___ Material provided

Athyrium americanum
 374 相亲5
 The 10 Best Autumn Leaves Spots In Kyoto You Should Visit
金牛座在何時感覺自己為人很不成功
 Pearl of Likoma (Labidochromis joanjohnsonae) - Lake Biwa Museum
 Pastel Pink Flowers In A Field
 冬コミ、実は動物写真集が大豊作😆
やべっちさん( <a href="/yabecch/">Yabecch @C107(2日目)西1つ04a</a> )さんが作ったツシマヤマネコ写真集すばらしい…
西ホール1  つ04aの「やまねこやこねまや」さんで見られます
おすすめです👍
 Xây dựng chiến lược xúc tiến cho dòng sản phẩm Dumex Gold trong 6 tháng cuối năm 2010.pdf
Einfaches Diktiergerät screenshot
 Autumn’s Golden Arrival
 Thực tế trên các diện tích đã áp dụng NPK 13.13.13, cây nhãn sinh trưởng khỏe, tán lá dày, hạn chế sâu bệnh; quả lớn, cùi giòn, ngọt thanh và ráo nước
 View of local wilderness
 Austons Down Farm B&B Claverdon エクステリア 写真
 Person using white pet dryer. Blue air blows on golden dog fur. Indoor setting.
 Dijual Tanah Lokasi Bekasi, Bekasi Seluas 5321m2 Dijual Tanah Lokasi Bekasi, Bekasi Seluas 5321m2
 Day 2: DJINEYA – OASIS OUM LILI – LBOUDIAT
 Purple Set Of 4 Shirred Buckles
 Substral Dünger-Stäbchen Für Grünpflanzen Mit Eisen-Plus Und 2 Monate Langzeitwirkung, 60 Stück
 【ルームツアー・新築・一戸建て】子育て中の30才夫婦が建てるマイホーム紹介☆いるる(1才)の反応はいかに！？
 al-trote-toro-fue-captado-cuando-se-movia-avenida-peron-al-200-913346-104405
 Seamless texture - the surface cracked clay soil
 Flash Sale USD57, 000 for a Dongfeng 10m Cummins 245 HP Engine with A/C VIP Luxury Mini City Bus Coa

______

→ Work item
All of the data above is to be transcribed without alteration.

→ Task output
Athyrium americanum
 374 相亲5
 The 10 Best Autumn Leaves Spots In Kyoto You Should Visit
金牛座在何時感覺自己為人很不成功
 Pearl of Likoma (Labidochromis joanjohnsonae) - Lake Biwa Museum
 Pastel Pink Flowers In A Field
 冬コミ、実は動物写真集が大豊作😆
やべっちさん( <a href="/yabecch/">Yabecch @C107(2日目)西1つ04a</a> )さんが作ったツシマヤマネコ写真集すばらしい…
西ホール1  つ04aの「やまねこやこねまや」さんで見られます
おすすめです👍
 Xây dựng chiến lược xúc tiến cho dòng sản phẩm Dumex Gold trong 6 tháng cuối năm 2010.pdf
Einfaches Diktiergerät screenshot
 Autumn’s Golden Arrival
 Thực tế trên các diện tích đã áp dụng NPK 13.13.13, cây nhãn sinh trưởng khỏe, tán lá dày, hạn chế sâu bệnh; quả lớn, cùi giòn, ngọt thanh và ráo nước
 View of local wilderness
 Austons Down Farm B&B Claverdon エクステリア 写真
 Person using white pet dryer. Blue air blows on golden dog fur. Indoor setting.
 Dijual Tanah Lokasi Bekasi, Bekasi Seluas 5321m2 Dijual Tanah Lokasi Bekasi, Bekasi Seluas 5321m2
 Day 2: DJINEYA – OASIS OUM LILI – LBOUDIAT
 Purple Set Of 4 Shirred Buckles
 Substral Dünger-Stäbchen Für Grünpflanzen Mit Eisen-Plus Und 2 Monate Langzeitwirkung, 60 Stück
 【ルームツアー・新築・一戸建て】子育て中の30才夫婦が建てるマイホーム紹介☆いるる(1才)の反応はいかに！？
 al-trote-toro-fue-captado-cuando-se-movia-avenida-peron-al-200-913346-104405
 Seamless texture - the surface cracked clay soil
 Flash Sale USD57, 000 for a Dongfeng 10m Cummins 245 HP Engine with A/C VIP Luxury Mini City Bus Coa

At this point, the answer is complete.